Can anyone advise me how long does it take the Dubai police to process police clearance certificate for non-residents after all documents & application fees have been mailed to Dubai police by courier? 

They do not answer telephones and emails are bouncing back. We need this Good conduct certificate as we were residing in UAE for 7 years for Australian Immigration. Thanks a ton for help!


----------



## canadiangal75 (Aug 23, 2008)

I thought you were supposed to go get your fingerprints done in person. I was told by someone who did do this that it took 24 hours. Now are you in Dubai, or outside the country at the present time? If you are outside the country, I can expect it to take a long time to process. By the way all government stuff has pretty much been closed since December 2nd and will re-open on Sunday December 14th.


----------



## JanetR (Nov 21, 2008)

Thanks for the reply! We are now in India. We have got the finger prints notarized, attested by Indian court(Mantralaya) & by the UAE Embassy in India. We have sent our documents by courier to Dubai police 2 months ago along with the bank draft of 70 USD. We were wondering as to how long do they take to process the documents.



canadiangal75 said:


> I thought you were supposed to go get your fingerprints done in person. I was told by someone who did do this that it took 24 hours. Now are you in Dubai, or outside the country at the present time? If you are outside the country, I can expect it to take a long time to process. By the way all government stuff has pretty much been closed since December 2nd and will re-open on Sunday December 14th.


----------



## canadiangal75 (Aug 23, 2008)

JanetR said:


> Thanks for the reply! We are now in India. We have got the finger prints notarized, attested by Indian court(Mantralaya) & by the UAE Embassy in India. We have sent our documents by courier to Dubai police 2 months ago along with the bank draft of 70 USD. We were wondering as to how long do they take to process the documents.

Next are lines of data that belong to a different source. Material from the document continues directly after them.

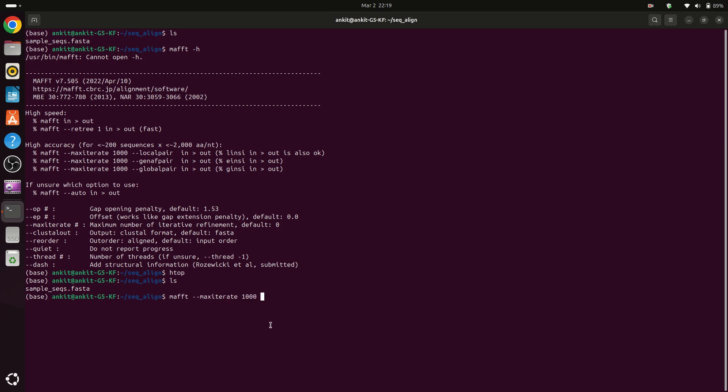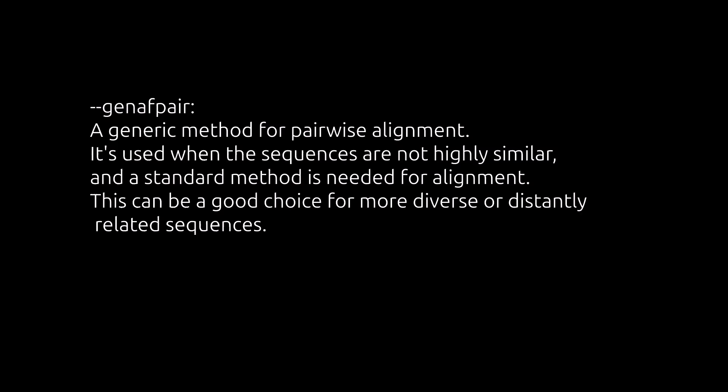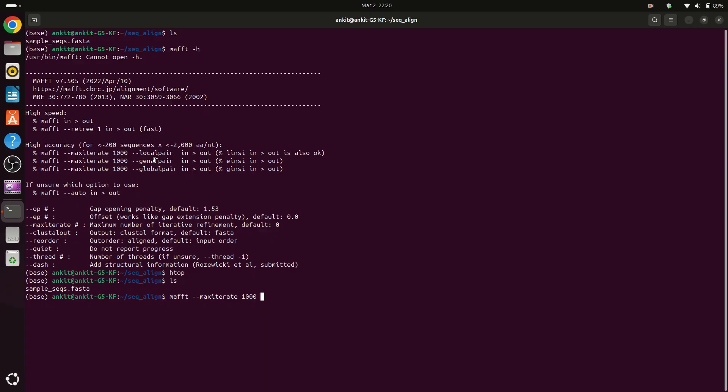Then we have to provide one more input which is localpair or globalpair. I don't know what it is but mostly we use localpair or globalpair.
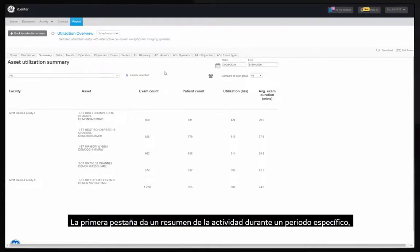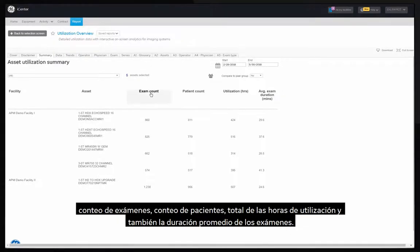The first tab provides an overview of activity over the selected period, exam count, patient count, total utilization hours, as well as average exam duration.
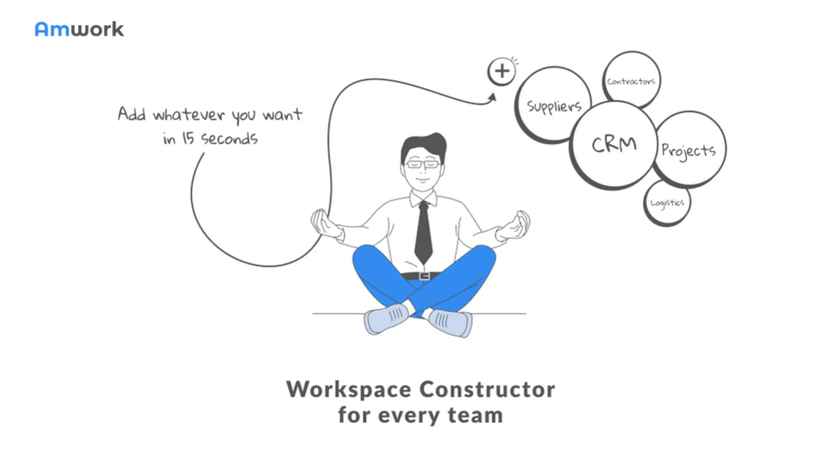Amwork Workspace Constructor is great for every team. Amwork allows you to create workspace for every team and manage all the processes within a company.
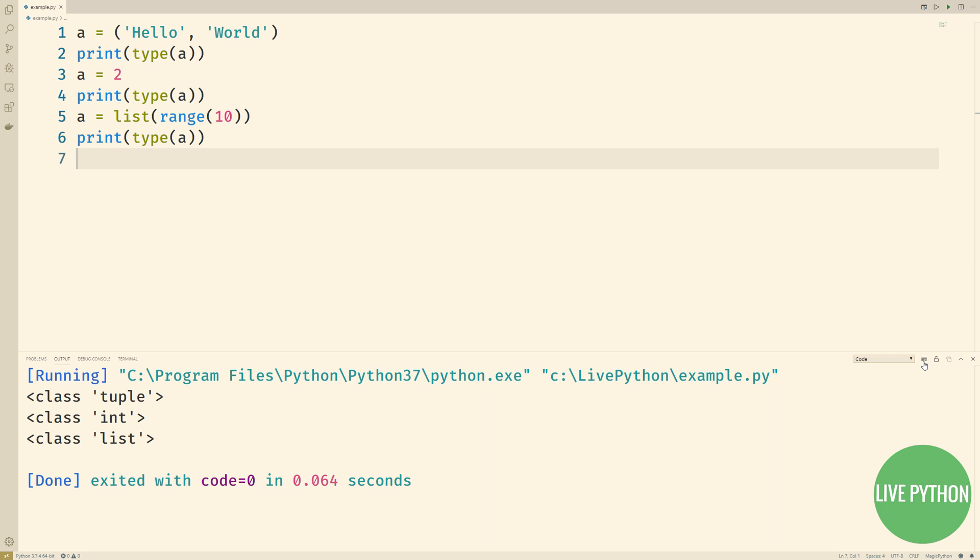Objects know what type they are, and this doesn't change. In fact, we can have multiple names point to the same object. When an object no longer has any names pointing to it, it's garbage collected to reclaim this valuable memory.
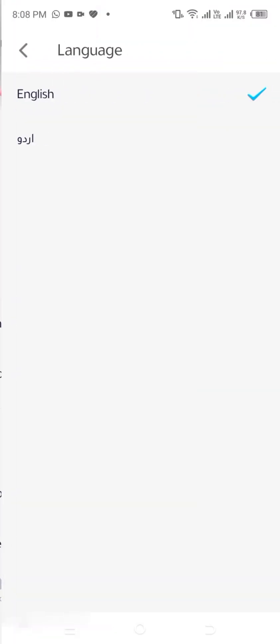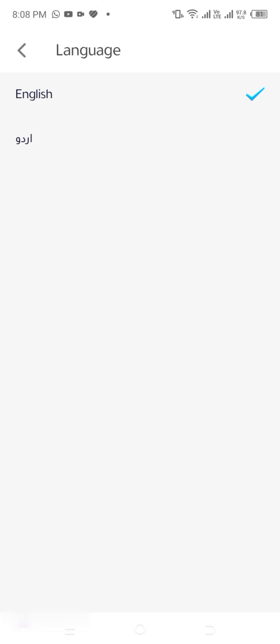Step 4: Choose your preferred language. Here, you'll see two available language options — English and Urdu. Simply tap on the language you want to use and the game will automatically apply your selection.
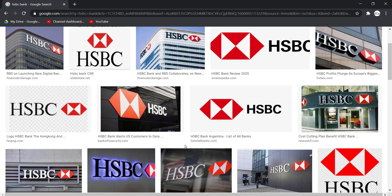Hey guys, welcome back to another Tech Tip and Guide video. In today's video, I'll show you how you can log in and enroll to HSBC Bank's online banking account.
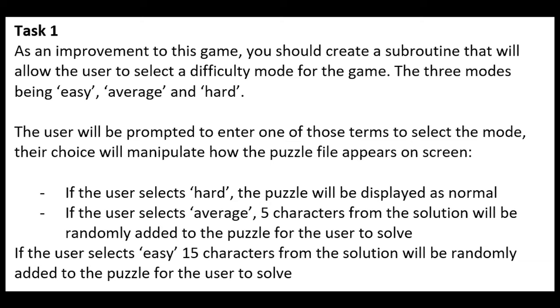Alright, so in this video we're going to look at an example of a Section C style question for the 2022 AS exam.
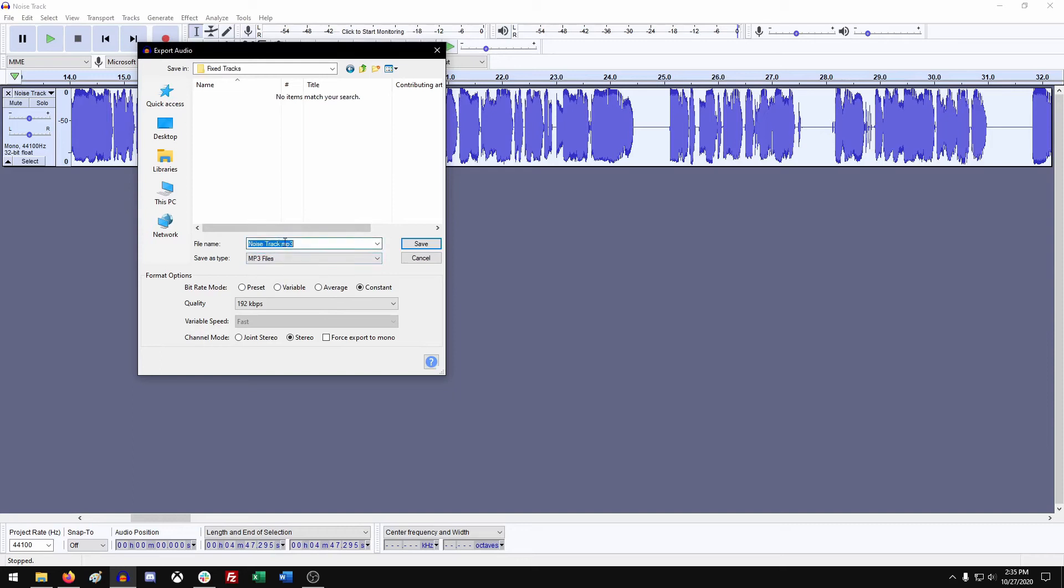And another way to make this easier on yourself is just rename the track, add a little dash, and add fixed at the end. That's another way to look at this track and see, oh, I fixed this already.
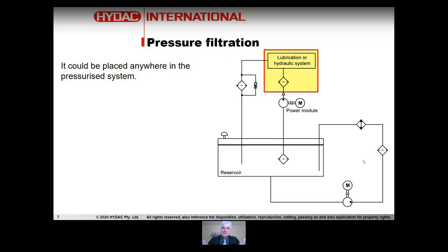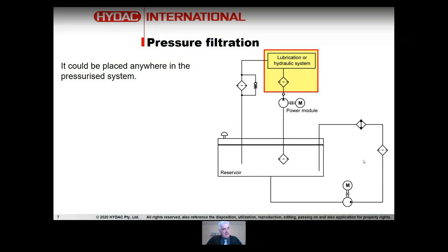This includes filtration in lines to actuators where you have flow going in both directions. That is less common because with an actuator, whether it be a cylinder or a motor, you're going to have flow going in both directions. But there are ways around that — filters that will filter in one direction and bypass in the other. Basically, there are many places in a pressurized system where you can put these filters.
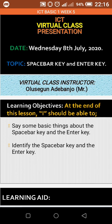Good day everyone and welcome to today's ICT virtual class. Today is Wednesday 8th July 2020 and the topic for today is the space bar key and the enter key. My name is Olushegun Adebanjo, your ICT instructor at Kif and Keen Nursery and Primary School.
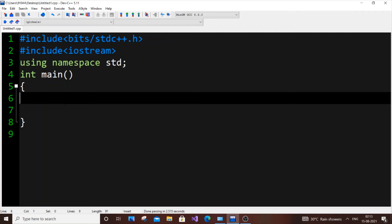Hey, hello everyone. In this video I'm going to show you how to find the largest element present in an array in C++. I'm going to show you three methods: one is by using the traditional for loop, and the other two are by using inbuilt functions. So I'll be showing you three methods and you can choose which method suits you the most. Let's get started.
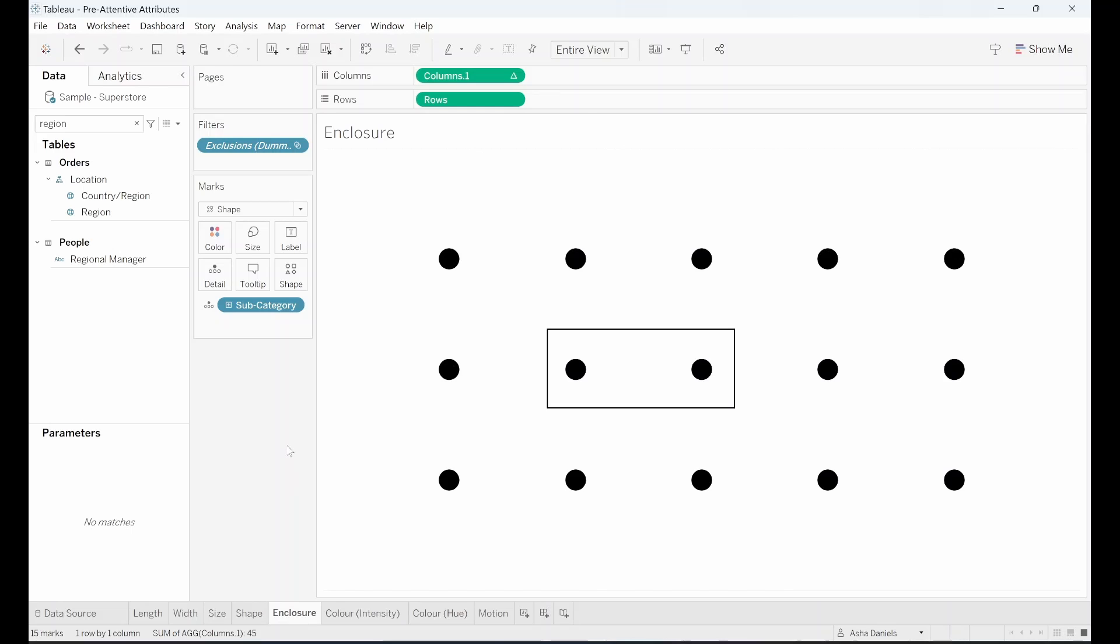Elements enclosed within shapes, frames or bubbles instantly grab our attention.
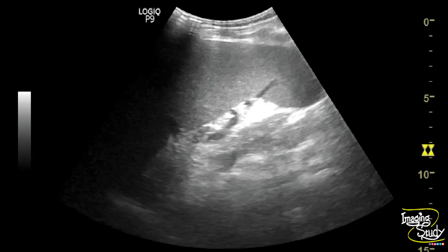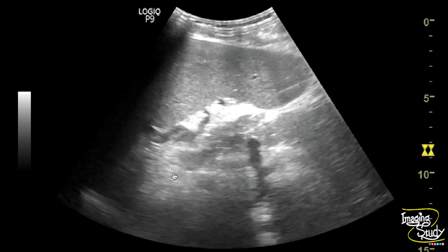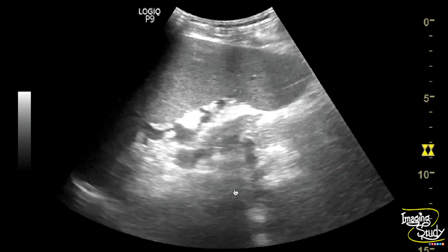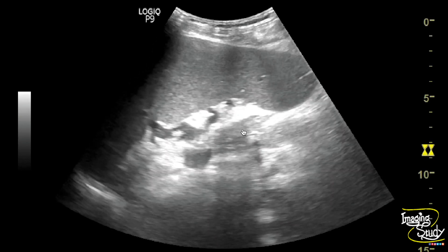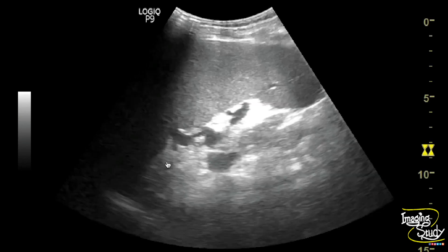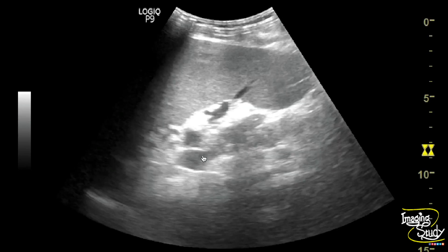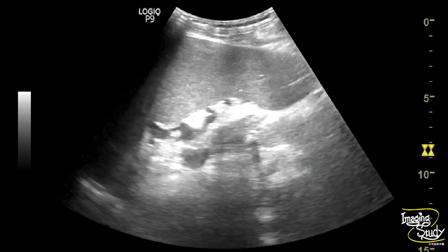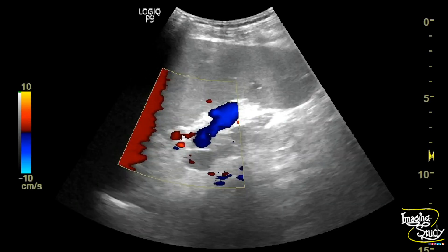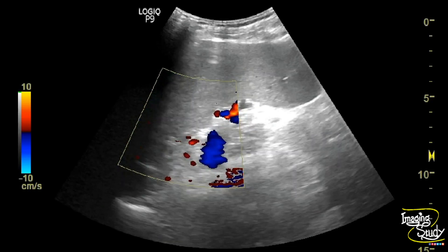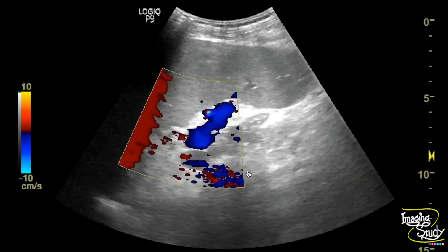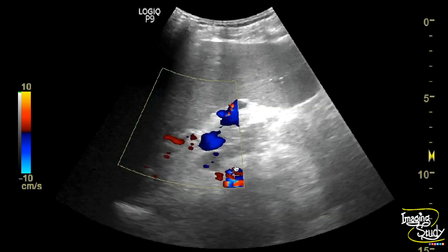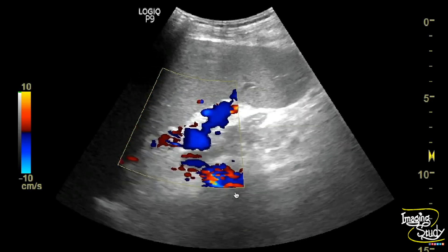Here you can see the spleen looks enlarged, and the splenic hilum shows multiple dilated vessels. When we apply color Doppler, you can see dilated tortuous vessels at the splenic hilum indicating splenorenal varices.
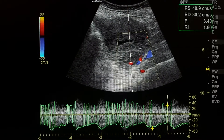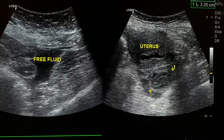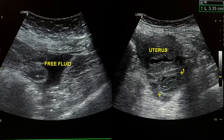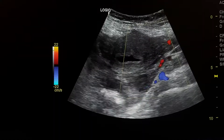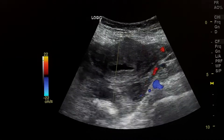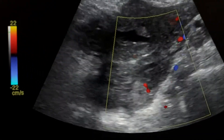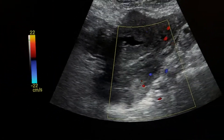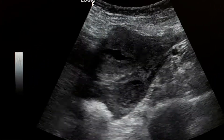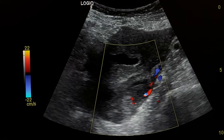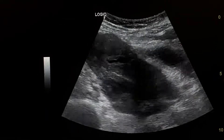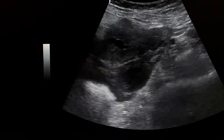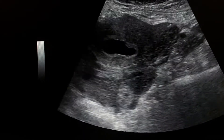The ring lesion was seen in the cul-de-sac, and here we see free fluid. This ring lesion in the cul-de-sac demonstrates color flow on Doppler imaging.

All I can say is good luck. We sent ours to Canada to be done and it says it takes 4 months on their website. I am definitely getting mine done in Dubai before I leave just in case I need it. I guess patience is required. But if you lived in Dubai, you know about processing times in general and patience


----------



## help1234 (May 24, 2010)

Saw this old post and in a similar situation waiting for PCC from Dubai (after all the initial paper work from UAE Embassy etc)

Can you share how long it took to get a response from Dubai police? thx


----------



## Bbay2Oz (May 10, 2010)

A week or two at the most


----------



## sam99r (May 1, 2010)

JanetR said:


> Hi guys,
> 
> Can anyone advise me how long does it take the Dubai police to process police clearance certificate for non-residents after all documents & application fees have been mailed to Dubai police by courier?
> 
> They do not answer telephones and emails are bouncing back. We need this Good conduct certificate as we were residing in UAE for 7 years for Australian Immigration. Thanks a ton for help!


Hi janetR,
For Dxb PCC all you need to do is fill the form (You can get it at Police station - we did it at the office at near port rashid)
Pay AED110 per person , visa and passport copy - deposit it with Police station - they do finger prints if not done already and give you a receipt
It took us 3 working days to get the letter. Do let me know if you need any more info.
Cheers
Sam


----------



## help1234 (May 24, 2010)

Thanks Bbay2Oz. Just re-confirming:
- you'd personal experience of getting a response back from Dubai/UAE Police in this timeframe (1-2 weeks)? 
- I suppose this is the processing time for dubai police - we must add additional time for postal delivery?
- Anyone found a way to get international courier delivery from Police in Dubai to international locations (Australia)?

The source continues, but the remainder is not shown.